Lt. Sammy Plummer’s case was the first time in Alabama history that a black civil rights attorney defended a white police officer who had used deadly force against a black suspect. My defense of Lt. Plummer subjected me to harsh criticism by some members of the local black community. I did not care because Lt. Plummer was a great person and fine police officer.


From 1985-1998, I routinely defended Birmingham police officers while serving as special counsel to Birmingham Mayor Richard Arrington, Jr. During this period, I also worked closely with white and black police officers to solve a host of heart-wrenching violent crimes in Birmingham, including the 1994 execution-style murders of five innocent victims at the Changing Times Lounge. At the time, this massacre was the largest mass murder in Birmingham’s history.


Good Versus Bad Police Officers


During my five decades of very diverse and personal interactions with a multitude of white and black police officers in Alabama, I have learned that police officers fall into two distinct groups – good ones and bad ones. Police officers like Lt. Sammy Plummer, Major Sidney Williams, and the many black and white officers who helped to expose the Jimmy Ray Hurst, Bernard Whitehurst and Todd Road police cover-ups are the good ones. They acted to protect and serve the public interest on an unselfish basis.

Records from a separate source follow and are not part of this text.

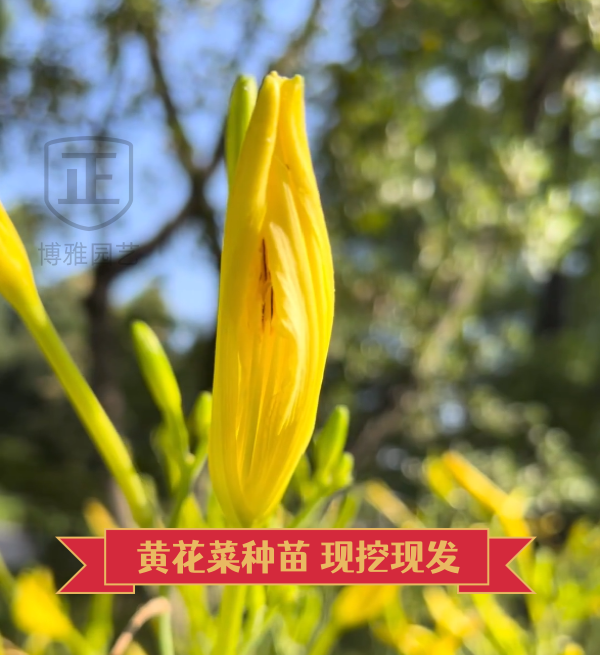 黄花菜根苗金针菜种子菜苗蔬菜种苗孑籽种根四季种植基地直发种苗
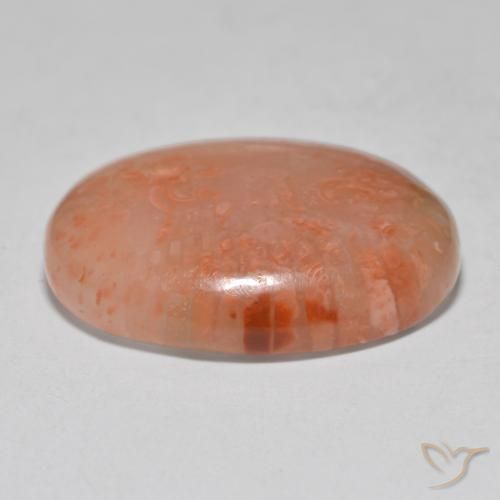 Corail Multicolore naturelle ovale, 12.52 ct, Translucide
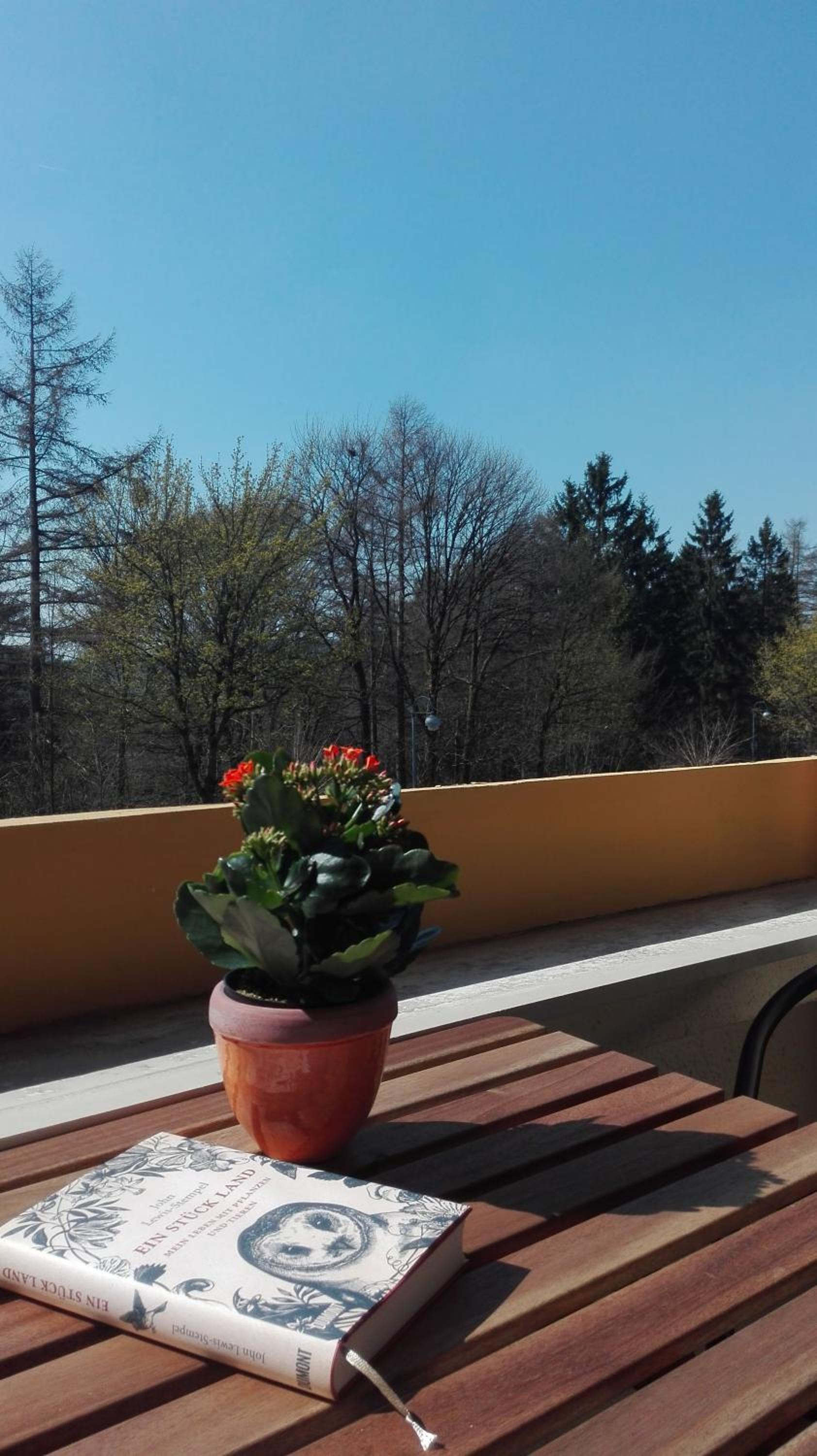 Familien Ferienwohnung Harzer Schöllchen view 3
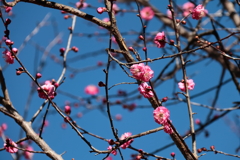紅梅開花２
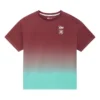 Converse x Patta Gold Standard T-Shirt Asya Bedenleri “Copper Teal”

Police officers like Jimmy Ray Hurst, Donnie Foster and the ones who perpetuated the cover-ups in the Hurst, Whitehurst, and Todd Road cases fall into the category of bad officers. They represent less than one percentage of all law enforcement officers in America.

Every profession has bad actors. Police departments are no exception.


Likewise, any good police officer can make a bad mistake in an “active shooter” situation when running towards danger in a crowded mall on a Thanksgiving night. This may have happened in Mr. Bradford’s case. We just don't know. However, this question will never get answered in a credible way if the City of Hoover engages in a cover-up of the Bradford shooting.


City of Hoover, please tell us the truth about what happened to Mr. Bradford. We can handle the truth.


PHOTO: The Galleria Mall in Hoover, Alabama on Thanksgiving night of 2018.